To get a little deeper in the weeds, we’re also going to repeatedly make use of a property of the Singular Value Decomposition that will be very handy for this section and the next section:

For more technical and generalized details on how svd works, or for explicit proofs, we would recommend a Linear Algebra textbook such as Axler or Trefethen1997. We’ll look at the svd with a bit more detail here in the specific case where you start with a matrix which is square, symmetric, and has real singular values. You can see this fact by noting that if \(X\) is symmetric with the eigendecomposition \((Q, \Lambda)\), then:

\[\begin{align*} X = Q\Lambda Q^\top &= \sum_{i = 1}^n \vec q_i \lambda_i \vec q_i^\top = \sum_{i = 1}^n \vec q_i |\lambda_i|\sign(\lambda_i) \vec q_i^\top. \end{align*}\]

This looks really similar to the equation we saw above for the singular value decomposition, and in fact it shows us something really interesting: a singular value decomposition almost gives us an eigendecomposition of \(X\). If we were to take the left singular vectors \(\vec u_i = \vec q_i\), the singular values \(|\lambda_i|\), and the right singular vectors \(\vec v_i = \sign(\lambda_i) \vec q_i\), we have a singular value decomposition of \(X\). Likewise, (somewhat more interestingly), if we have a singular value decomposition of \(X\) as \((U, \Sigma, V)\), then the columns of \(U\) are also eigenvectors of \(X\).

The symmetric Laplacian left/right singular vector equivalence#

Next, we’ll see that the left and right singular vectors are equivalent for the Laplacian of the diagonally-augmented adjacency matrix for the non-zero singular values (which in this case, is all of them, as \(L\) is positive definite). We take a look at the columns of \(U\) and \(V\), as well as their difference. We will quantify the difference between the first four columns of \(U\) and \(V\) using the Frobenius norm of the difference between them. This quantity, abbreviated \(||U - V||_F\), has a value greater than \(0\) if the two matrices have any entries not in common:

diff = np.linalg.norm(U - Vt.transpose())
print(np.linalg.eigvals(L))
print(s)

[ 1.          0.67458987  0.21337895  0.18851716  0.15410462  0.11674234
 -0.37030786 -0.35020252 -0.32866122 -0.2711415  -0.24919356 -0.21174216
 -0.16502093 -0.15438362 -0.12292021  0.02157577  0.00729992 -0.02987015
 -0.06635255 -0.05641237]
[1.         0.67458987 0.37030786 0.35020252 0.32866122 0.2711415
 0.24919356 0.21337895 0.21174216 0.18851716 0.16502093 0.15438362
 0.15410462 0.12292021 0.11674234 0.06635255 0.05641237 0.02987015
 0.02157577 0.00729992]

fig, axs = plt.subplots(1, 3, figsize=(10, 6))

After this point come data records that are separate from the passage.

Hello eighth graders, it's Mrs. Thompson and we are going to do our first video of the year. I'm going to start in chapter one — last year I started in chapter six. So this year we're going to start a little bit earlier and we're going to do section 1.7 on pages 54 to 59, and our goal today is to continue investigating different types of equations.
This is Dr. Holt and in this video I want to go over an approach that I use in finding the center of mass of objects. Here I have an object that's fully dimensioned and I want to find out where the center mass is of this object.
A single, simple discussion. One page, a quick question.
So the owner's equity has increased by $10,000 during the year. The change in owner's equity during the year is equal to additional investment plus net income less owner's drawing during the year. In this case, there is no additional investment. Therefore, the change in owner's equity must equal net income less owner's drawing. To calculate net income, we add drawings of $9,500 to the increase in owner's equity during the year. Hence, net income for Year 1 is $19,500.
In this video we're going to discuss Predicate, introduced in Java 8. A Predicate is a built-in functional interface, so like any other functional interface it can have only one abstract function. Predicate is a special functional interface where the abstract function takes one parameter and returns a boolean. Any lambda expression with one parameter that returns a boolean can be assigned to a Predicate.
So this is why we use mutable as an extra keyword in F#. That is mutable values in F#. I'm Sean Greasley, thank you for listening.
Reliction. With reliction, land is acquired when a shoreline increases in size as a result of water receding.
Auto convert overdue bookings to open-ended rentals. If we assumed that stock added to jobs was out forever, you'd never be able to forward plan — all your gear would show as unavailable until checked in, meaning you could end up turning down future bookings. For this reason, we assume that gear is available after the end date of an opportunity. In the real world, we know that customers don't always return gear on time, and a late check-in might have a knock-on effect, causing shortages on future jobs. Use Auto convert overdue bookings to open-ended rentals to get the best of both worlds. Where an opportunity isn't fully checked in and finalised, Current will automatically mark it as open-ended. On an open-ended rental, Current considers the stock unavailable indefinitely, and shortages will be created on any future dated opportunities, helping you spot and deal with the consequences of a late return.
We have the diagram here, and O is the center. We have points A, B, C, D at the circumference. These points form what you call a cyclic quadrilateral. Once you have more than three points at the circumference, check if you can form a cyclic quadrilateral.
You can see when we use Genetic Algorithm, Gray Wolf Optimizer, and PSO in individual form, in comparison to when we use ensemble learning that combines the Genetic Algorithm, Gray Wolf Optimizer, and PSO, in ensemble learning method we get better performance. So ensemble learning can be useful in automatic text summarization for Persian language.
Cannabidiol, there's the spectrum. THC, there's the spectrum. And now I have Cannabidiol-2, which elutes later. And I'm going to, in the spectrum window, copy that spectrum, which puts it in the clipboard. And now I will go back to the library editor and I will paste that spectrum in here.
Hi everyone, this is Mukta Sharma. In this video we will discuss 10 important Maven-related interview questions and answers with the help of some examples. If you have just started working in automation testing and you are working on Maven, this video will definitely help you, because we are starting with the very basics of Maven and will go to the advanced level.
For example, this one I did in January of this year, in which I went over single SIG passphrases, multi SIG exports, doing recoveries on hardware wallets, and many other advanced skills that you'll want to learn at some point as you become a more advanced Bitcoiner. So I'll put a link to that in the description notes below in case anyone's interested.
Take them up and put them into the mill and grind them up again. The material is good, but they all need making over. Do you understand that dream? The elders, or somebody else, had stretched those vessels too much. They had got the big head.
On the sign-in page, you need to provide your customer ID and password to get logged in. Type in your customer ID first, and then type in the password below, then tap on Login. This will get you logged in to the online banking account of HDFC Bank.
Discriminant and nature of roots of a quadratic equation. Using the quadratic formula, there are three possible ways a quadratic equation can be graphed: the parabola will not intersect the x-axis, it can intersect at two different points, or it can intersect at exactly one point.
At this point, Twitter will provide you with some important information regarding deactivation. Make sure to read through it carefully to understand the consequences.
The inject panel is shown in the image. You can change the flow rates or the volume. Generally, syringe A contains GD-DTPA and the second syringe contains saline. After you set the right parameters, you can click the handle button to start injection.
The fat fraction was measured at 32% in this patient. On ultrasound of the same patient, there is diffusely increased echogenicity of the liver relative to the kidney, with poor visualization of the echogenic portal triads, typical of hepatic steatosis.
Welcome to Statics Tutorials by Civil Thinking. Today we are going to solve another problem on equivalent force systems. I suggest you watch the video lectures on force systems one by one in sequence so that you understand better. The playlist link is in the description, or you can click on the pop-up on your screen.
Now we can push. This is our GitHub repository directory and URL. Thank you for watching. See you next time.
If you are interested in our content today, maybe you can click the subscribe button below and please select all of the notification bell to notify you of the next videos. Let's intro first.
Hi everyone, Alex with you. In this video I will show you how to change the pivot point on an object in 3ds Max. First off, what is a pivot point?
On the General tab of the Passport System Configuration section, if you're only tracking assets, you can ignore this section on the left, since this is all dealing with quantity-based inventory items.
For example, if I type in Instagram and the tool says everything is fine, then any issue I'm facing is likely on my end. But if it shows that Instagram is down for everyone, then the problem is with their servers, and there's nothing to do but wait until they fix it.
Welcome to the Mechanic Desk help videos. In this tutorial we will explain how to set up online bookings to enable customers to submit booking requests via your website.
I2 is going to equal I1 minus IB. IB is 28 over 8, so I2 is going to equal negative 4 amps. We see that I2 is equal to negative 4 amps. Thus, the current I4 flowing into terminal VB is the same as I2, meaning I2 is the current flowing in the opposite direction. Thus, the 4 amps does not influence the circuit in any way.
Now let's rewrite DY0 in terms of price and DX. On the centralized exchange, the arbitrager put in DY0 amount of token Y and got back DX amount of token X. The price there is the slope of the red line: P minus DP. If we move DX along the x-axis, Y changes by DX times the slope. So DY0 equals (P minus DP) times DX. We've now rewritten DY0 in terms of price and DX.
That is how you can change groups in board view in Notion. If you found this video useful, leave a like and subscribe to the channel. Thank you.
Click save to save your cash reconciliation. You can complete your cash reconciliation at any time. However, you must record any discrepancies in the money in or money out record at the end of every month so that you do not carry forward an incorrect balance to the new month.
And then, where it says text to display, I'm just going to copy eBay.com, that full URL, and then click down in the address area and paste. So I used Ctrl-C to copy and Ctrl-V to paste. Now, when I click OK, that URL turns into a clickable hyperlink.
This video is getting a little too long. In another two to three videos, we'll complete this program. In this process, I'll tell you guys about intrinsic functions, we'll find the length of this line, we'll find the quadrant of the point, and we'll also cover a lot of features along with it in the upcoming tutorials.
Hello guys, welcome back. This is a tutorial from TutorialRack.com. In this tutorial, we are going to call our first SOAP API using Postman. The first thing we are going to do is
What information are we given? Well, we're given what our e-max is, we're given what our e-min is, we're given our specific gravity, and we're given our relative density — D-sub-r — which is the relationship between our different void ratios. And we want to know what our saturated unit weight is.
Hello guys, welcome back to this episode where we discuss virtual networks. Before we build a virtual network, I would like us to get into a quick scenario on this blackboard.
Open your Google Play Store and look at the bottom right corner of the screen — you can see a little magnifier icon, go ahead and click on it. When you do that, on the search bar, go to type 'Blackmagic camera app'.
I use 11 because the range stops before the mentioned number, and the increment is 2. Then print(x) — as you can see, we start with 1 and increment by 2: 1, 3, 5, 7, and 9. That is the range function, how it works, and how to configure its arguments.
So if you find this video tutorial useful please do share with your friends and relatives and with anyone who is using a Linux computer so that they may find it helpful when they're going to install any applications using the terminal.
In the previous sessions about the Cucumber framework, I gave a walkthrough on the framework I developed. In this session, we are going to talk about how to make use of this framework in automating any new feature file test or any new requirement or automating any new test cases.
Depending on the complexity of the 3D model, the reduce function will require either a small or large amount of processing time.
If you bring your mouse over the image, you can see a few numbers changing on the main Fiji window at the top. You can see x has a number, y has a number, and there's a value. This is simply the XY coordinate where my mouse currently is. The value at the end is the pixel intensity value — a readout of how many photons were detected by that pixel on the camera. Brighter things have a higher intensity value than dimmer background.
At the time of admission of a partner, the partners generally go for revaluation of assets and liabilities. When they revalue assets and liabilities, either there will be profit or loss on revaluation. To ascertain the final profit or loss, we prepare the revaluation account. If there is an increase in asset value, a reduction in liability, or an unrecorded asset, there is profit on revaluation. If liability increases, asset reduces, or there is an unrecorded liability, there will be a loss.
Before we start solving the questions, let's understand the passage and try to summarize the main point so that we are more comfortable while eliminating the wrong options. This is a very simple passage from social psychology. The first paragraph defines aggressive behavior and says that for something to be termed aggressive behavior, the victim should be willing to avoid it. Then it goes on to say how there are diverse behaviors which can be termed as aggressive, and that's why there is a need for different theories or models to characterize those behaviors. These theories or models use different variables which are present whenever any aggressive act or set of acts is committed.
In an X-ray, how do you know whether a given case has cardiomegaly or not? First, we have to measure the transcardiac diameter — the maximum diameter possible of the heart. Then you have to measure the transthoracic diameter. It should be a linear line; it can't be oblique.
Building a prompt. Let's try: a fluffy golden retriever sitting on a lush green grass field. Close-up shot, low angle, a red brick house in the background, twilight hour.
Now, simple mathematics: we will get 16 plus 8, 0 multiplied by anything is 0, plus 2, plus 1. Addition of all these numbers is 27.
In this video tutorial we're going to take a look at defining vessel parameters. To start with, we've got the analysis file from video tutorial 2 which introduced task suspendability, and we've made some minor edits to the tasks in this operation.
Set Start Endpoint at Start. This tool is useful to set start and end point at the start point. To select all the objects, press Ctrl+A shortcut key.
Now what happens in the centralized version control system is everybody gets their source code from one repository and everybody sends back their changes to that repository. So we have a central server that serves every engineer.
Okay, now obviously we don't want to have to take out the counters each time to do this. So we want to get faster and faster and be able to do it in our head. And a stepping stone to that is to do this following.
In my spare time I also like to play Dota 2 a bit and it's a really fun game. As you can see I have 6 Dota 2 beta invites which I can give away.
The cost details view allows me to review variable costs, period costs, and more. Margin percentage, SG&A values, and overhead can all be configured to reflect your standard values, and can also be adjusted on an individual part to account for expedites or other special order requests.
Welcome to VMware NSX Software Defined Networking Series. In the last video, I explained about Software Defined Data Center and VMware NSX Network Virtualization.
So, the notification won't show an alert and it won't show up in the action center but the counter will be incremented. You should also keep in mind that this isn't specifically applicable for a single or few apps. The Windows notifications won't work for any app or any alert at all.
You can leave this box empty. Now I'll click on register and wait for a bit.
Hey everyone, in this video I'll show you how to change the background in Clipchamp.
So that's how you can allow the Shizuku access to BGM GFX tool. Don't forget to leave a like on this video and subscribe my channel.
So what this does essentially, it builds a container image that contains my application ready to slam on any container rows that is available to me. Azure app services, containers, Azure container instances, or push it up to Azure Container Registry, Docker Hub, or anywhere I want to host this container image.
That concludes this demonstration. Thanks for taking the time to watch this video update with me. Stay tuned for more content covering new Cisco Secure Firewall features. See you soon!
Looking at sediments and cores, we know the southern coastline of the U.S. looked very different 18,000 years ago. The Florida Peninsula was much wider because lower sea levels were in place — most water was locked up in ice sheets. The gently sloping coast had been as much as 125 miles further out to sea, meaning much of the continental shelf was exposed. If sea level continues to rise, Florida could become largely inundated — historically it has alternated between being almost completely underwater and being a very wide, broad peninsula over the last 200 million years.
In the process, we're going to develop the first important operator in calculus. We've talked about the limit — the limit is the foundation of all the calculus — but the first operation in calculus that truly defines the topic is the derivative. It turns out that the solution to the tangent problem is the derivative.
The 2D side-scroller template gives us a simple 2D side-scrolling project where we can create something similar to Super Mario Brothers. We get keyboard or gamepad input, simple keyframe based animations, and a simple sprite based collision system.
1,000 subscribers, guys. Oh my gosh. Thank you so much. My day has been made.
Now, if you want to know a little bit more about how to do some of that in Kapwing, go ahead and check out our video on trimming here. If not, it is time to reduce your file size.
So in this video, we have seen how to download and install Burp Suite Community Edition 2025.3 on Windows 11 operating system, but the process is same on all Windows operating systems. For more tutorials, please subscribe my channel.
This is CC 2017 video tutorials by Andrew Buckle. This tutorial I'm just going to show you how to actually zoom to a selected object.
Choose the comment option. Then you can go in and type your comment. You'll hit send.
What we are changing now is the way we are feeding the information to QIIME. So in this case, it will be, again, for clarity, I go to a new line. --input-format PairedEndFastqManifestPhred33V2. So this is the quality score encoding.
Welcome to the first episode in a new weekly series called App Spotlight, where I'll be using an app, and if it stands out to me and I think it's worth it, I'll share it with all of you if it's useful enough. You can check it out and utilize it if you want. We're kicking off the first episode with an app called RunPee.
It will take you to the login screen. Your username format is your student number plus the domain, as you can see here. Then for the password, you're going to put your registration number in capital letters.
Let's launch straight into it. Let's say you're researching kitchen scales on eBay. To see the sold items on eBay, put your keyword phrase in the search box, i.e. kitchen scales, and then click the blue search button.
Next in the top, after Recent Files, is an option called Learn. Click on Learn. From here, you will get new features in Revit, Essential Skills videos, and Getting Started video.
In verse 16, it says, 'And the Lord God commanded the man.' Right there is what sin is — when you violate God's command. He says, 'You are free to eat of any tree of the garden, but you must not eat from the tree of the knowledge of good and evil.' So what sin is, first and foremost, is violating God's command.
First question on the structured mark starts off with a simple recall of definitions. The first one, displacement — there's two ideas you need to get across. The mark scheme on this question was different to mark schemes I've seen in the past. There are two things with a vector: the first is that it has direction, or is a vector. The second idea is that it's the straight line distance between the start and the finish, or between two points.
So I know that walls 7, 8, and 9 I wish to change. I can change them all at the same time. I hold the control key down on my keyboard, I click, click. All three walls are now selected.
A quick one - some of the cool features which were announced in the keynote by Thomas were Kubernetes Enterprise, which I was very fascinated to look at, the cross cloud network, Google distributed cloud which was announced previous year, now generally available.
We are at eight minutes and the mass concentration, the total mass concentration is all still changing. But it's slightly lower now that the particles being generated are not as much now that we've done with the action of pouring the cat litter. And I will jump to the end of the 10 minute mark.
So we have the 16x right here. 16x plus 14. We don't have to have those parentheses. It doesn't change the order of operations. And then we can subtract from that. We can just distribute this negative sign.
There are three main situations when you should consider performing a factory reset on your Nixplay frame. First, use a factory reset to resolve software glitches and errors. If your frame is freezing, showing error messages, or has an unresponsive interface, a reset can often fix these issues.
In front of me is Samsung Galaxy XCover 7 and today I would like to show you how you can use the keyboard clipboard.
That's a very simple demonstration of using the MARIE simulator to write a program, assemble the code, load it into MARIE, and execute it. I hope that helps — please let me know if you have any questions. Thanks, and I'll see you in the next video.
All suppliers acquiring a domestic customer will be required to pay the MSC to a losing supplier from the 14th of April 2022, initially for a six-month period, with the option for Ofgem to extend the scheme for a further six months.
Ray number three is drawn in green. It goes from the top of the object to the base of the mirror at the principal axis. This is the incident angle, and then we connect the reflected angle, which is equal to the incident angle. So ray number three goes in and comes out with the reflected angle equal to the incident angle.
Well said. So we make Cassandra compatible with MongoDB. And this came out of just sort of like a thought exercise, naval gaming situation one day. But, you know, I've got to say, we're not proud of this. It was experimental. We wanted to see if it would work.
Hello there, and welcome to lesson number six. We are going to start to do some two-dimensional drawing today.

cbar_ax = fig.add_axes([.91, .3, .03, .4])
vmin, vmax = np.min(np.hstack([U, Vt])), np.max(np.hstack([U, Vt]))

mtxs = [np.abs(U), np.abs(Vt).transpose(), U - Vt.transpose()]
title = ["Columns of U", "Columns of V", "first two columns of U - V, diff = {:.2f}".format(diff)]
for i, ax in enumerate(axs.flat):
    sns.heatmap(mtxs[i], cbar=i == 0, vmin=vmin, vmax=vmax, ax=ax,
           cbar_ax = None if i else cbar_ax, cmap=GraphColormap("sequential").color)
    ax.set_title(title[i])
    ax.set_xticks([]); ax.set_yticks([])

You can approximate your symmetric Laplacian by only summing a few of the low-rank matrices#

Your expression has simplified down a little bit, but we aren’t quite finished. If the Laplacian \(L\) has the singular value decomposition with matrix \(U\), \(\Sigma\), and \(V\), then you could express \(L\) as:

\[\begin{align*} L &= \sum_{i = 1}^n \sigma_i \vec u_i \vec v_i^\top \end{align*}\]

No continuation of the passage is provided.